Recorded data:
BEGIN

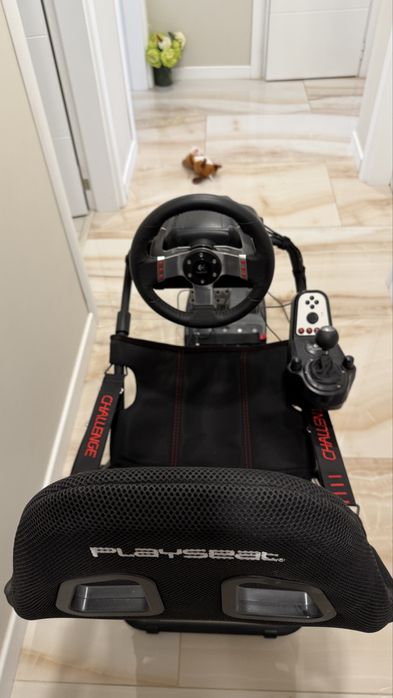 Logitec G27 и Седалка
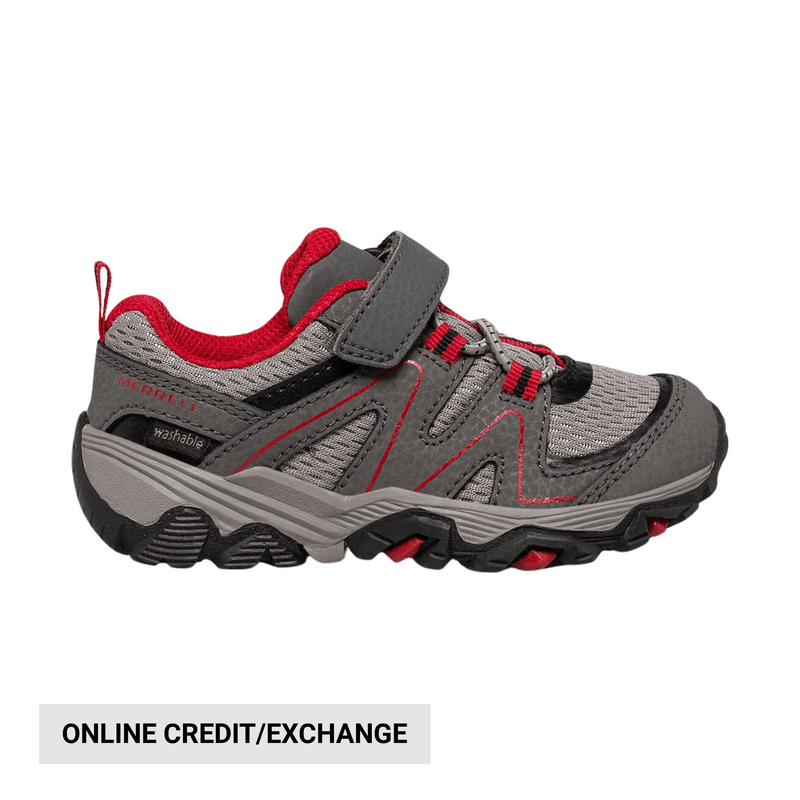 Merrell Little Kids' Trail Quest Jr. Shoes - Grey/Black/Red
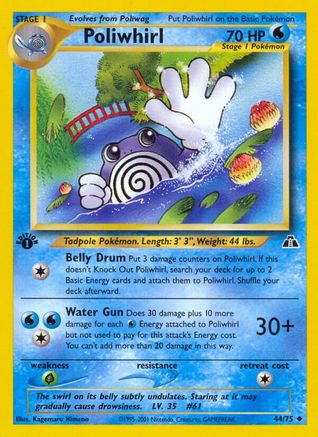 Poliwhirl 44/75 - [Neo Discovery] 1st Edition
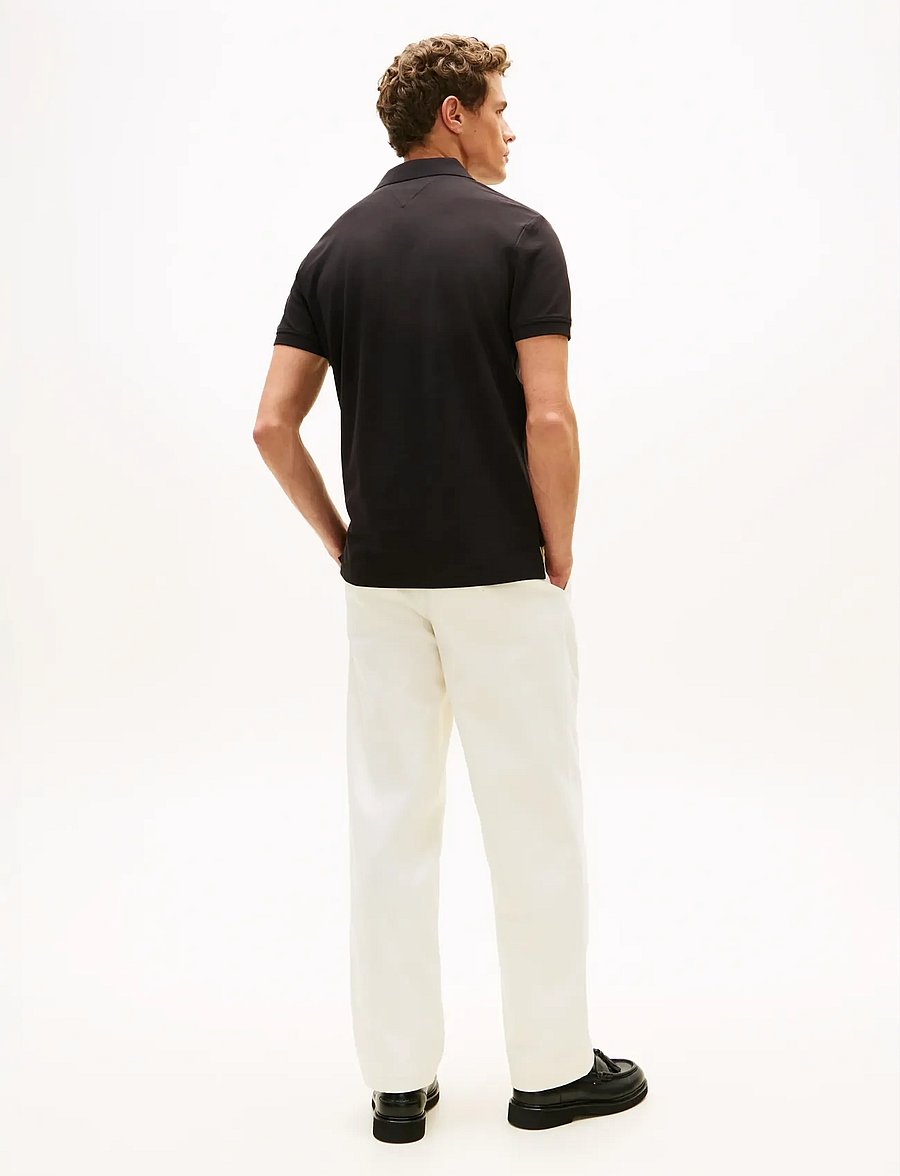 Tommy Hilfiger - LEFT CHEST GRAPHIC REG POLO - kurzärmelig - black - 2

END

Aim of the task:
Starting with the line that holds "Merrell Little Kids'", print each line through the last one of the data exactly as written, but do not include the pictures.

Solution to this task:
 Merrell Little Kids' Trail Quest Jr. Shoes - Grey/Black/Red
 Poliwhirl 44/75 - [Neo Discovery] 1st Edition
 Tommy Hilfiger - LEFT CHEST GRAPHIC REG POLO - kurzärmelig - black - 2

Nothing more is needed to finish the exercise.